そもそもトマト1個何円、ピーマン1パック何円という価格表示自体が、私には不可解である。トマト1個の重さは個体により異なるし、ピーマン1パックの値段が安いのか高いのか、他の店のものと正確に比べられなくて、消費者にとって不便じゃないですか!

私がいままで住んだ国は、どこも野菜はキロ売りだった。トマト1キロ40円とか、タマネギ1キロ20円とかいった具合である(これはシリアの値段)。1キロあたりの価格が表示されているので、他の店と比べて安いか高いか、一目瞭然。だからって別に1キロ単位で買わなきゃいけないわけではなくて、少量ずつ買っても、ちゃんと重さを計って値段を計算してくれるのだ。

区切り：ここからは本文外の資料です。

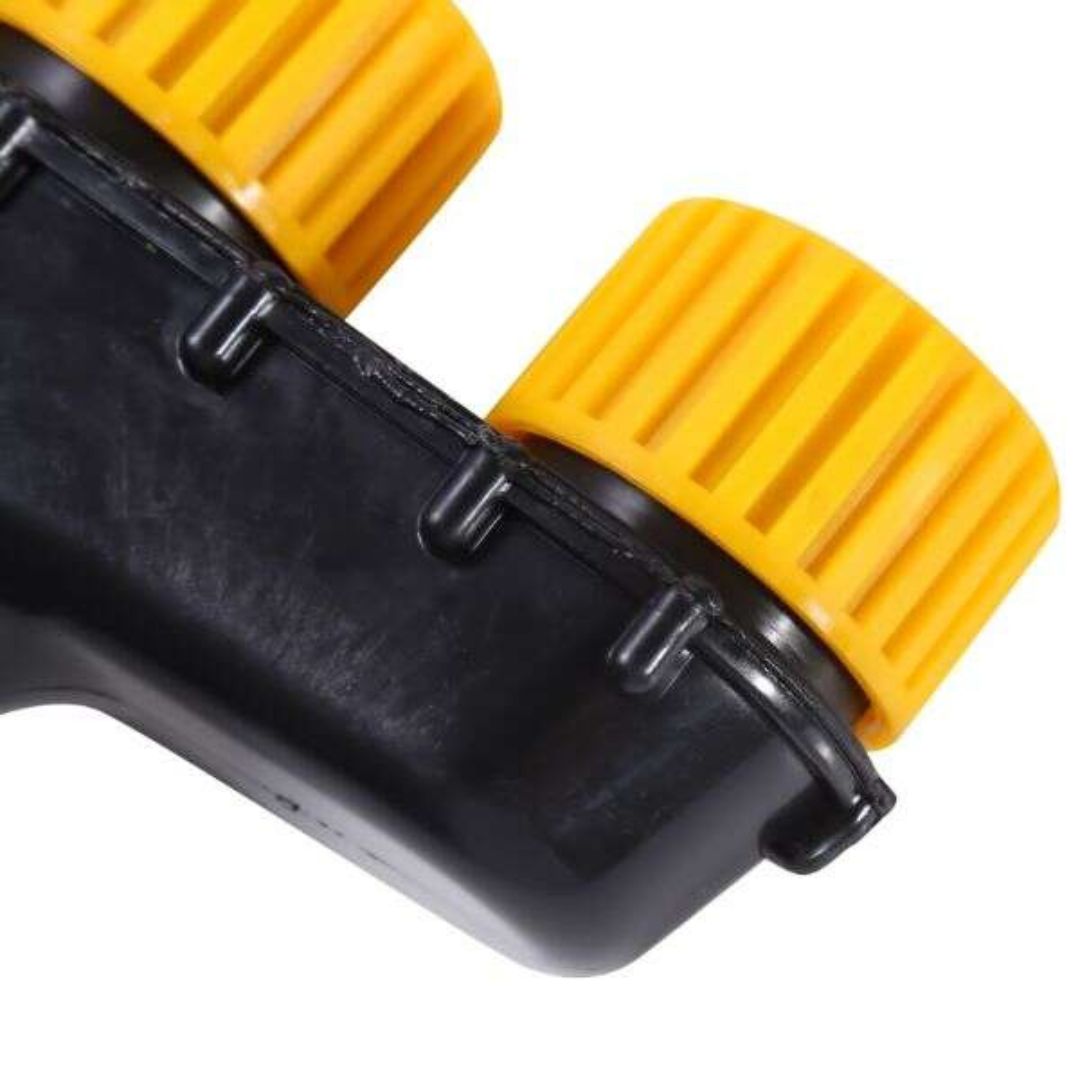 Premium Adjustable Garden Atomizer Hose Attachment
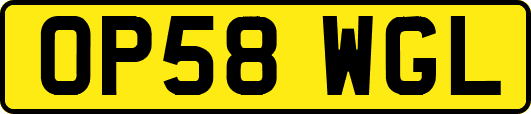 OP58WGL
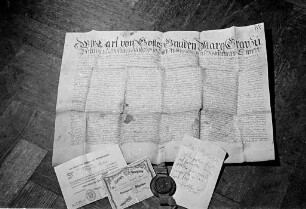 Exponate im Pfinzgaumuseum Durlach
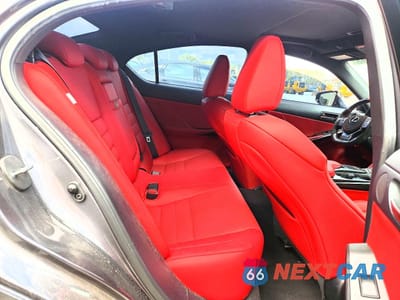 Zdjęcie 10 z 12 samochodu: 2023 LEXUS IS 350 F SPORT VIN:JTHGZ1B26P5064869 - miniatura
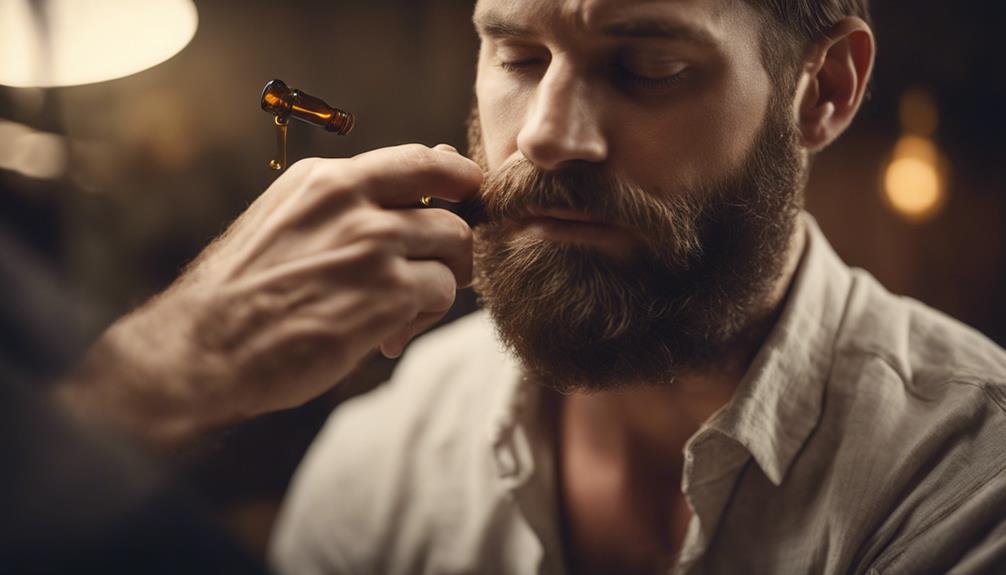 natural and organic beard care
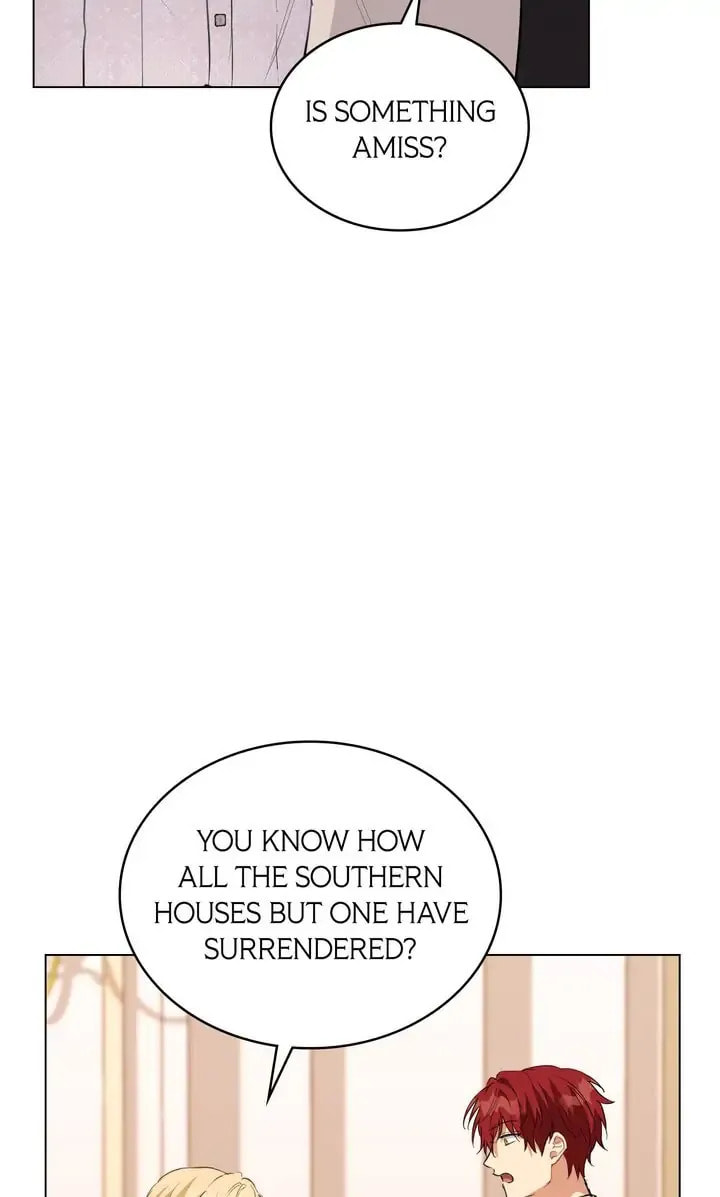 The Fallen Duke & the Knight Who Hated Him Chapter 10 page 35 -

イタリアのスーパーでは、お客が自分で野菜を好きなだけナイロン袋に入れて、店内に設置された自動計量器にのせてボタンを押し、打ち出されたラベルを袋に貼り付けて、レジで支払うシステムを取っている。これはとても効率がいいやり方だと思いませんか。お客が自分で野菜を1個ずつ選べるし、店側としても余計な人件費がかからないし、出荷する側も、パック詰めの手間が減る。もちろん野菜だけでなく、肉も魚もオリーブの漬物もチーズもハムも、色んなものが量り売りされている。

日本でも穀物や肉類は量り売りなのに、どうして野菜はそうじゃないのだろう。4個何円とか、1パックいくらとか、消費者をごまかすためにやっているとしか思えないのだが。市場の自由競争を促すためにも、これからはぜひ野菜も1キロ単位で売っていただきたい。

日本の価格体系に革命を起こそう!でももちろん無血革命よ。